As Spokane County Treasurer and your State Representative, I’ve spent years working on issues involving public safety, tax compliance, and government accountability. One thing I’ve learned is that when the government fails to enforce the rules, criminal enterprises are quick to fill the void.

That’s exactly what we’re seeing today with the explosion of illegal vaping products across our state and nation.

This is not a small problem, and it’s not getting better on its own. In fact, it’s becoming a growing challenge for Washington. As a border state with more than 425 miles of international border and major ports in Seattle and Tacoma, Washington sits at a key entry point for illicit products flowing into the United States. Criminal organizations know it, and they’re taking advantage of it.

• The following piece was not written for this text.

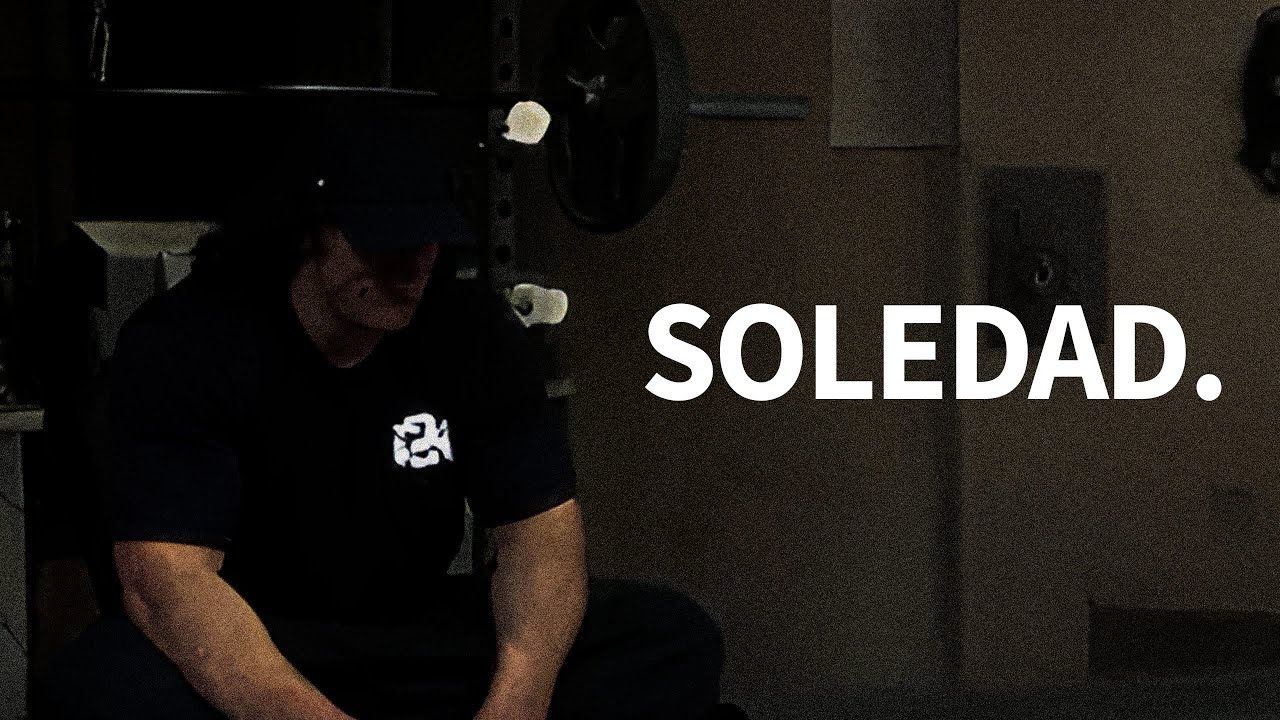 ¿Por qué la soledad pesa tanto en el corazón? (REAL AUDIO GYM) - Motivación Prohibida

What starts as a handful of questionable products on store shelves can quickly become a sophisticated underground market that undermines legitimate businesses, evades taxes, targets young people, and creates serious public safety concerns.

The reality is that nearly 90 percent of vapes sold today are illegal. That’s the result of years of regulatory failures that created a vacuum in the marketplace. Rather than being filled by responsible American companies, that vacuum has increasingly been filled by organized criminal networks operating out of China and elsewhere, using many of the same supply chains that move fentanyl, illegal firearms, and other contraband into our communities.

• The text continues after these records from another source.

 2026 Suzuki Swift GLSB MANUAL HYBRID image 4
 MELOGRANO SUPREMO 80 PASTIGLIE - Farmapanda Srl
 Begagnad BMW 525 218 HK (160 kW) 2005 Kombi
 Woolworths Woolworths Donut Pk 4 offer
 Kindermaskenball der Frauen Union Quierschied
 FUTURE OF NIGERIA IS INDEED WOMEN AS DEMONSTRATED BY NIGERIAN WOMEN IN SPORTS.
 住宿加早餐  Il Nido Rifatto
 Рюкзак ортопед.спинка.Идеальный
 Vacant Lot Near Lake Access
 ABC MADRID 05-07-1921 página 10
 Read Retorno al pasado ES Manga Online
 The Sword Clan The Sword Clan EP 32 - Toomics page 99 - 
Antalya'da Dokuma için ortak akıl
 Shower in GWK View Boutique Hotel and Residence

Thankfully, the federal government is finally beginning to take this issue seriously.

I am grateful to President Trump and his administration for recognizing the scope of this problem and taking meaningful steps to address it. The FDA’s updated enforcement strategy is a welcome change, focusing on the entire chain of bad actors, from foreign manufacturers and smugglers to the rogue retailers knowingly selling illegal products in our neighborhoods.

Recent federal operations have demonstrated just how large this problem has become. Millions of illegal vaping products have been seized, hundreds of arrests have been made, and Congress has allocated $200 million toward a multi-agency effort to disrupt these illicit supply chains.

Those are important steps, but federal action alone won’t solve this problem. Washington State also has a responsibility to step up.

One of the biggest challenges facing retailers, consumers, and law enforcement is the lack of clarity in the marketplace. Most consumers assume that if a product is sitting on a store shelf, it must be legal. I’ve talked to the convenience store owners, many who struggle to determine which products comply with the law and which do not. Criminal actors thrive in that confusion.

Adding to the challenge, manufacturers are now developing synthetic nicotine products specifically designed to evade existing regulations. Some are marketed under names like “nixodine” and openly promoted as legal alternatives that can be sold without the same restrictions or taxes that apply to traditional tobacco products. This is not innovation; it’s regulatory evasion.

Washington lawmakers and regulators cannot afford to wait until these products become the next major public health and public safety problem. We need laws and regulations that keep pace with the tactics criminal organizations are using to stay one step ahead.

Most importantly, we need to recognize that the real battle is being fought at the local level.

The day-to-day work of identifying illegal products, inspecting retailers, and shutting down bad actors doesn’t happen in Washington, D.C. It happens in Spokane. It happens in Seattle. It happens in the Tri-Cities and communities throughout our state.

Local law enforcement agencies, local health officials, and local governments are on the front lines of this challenge. They need the resources, training, and support necessary to do the job effectively.

A meaningful share of federal enforcement funding should be directed to state and local partners through accessible grant programs so communities have the tools they need to tackle this growing problem. Without local enforcement, even the strongest federal strategy will struggle to make a lasting impact.

The good news is that this is a solvable problem. We know where these products are coming from. We know how they are entering the country. We know where they are being sold.

What we need now is a coordinated effort between federal, state, and local partners. Strong enforcement. Clear rules. And the resources necessary to support the communities doing the work on the ground.

If we get that right, we can protect consumers, support legitimate businesses, strengthen public safety, and shut down the criminal networks that have profited from government inaction for far too long.

Mike Volz is the current Spokane County Treasurer and 6th District State Representative.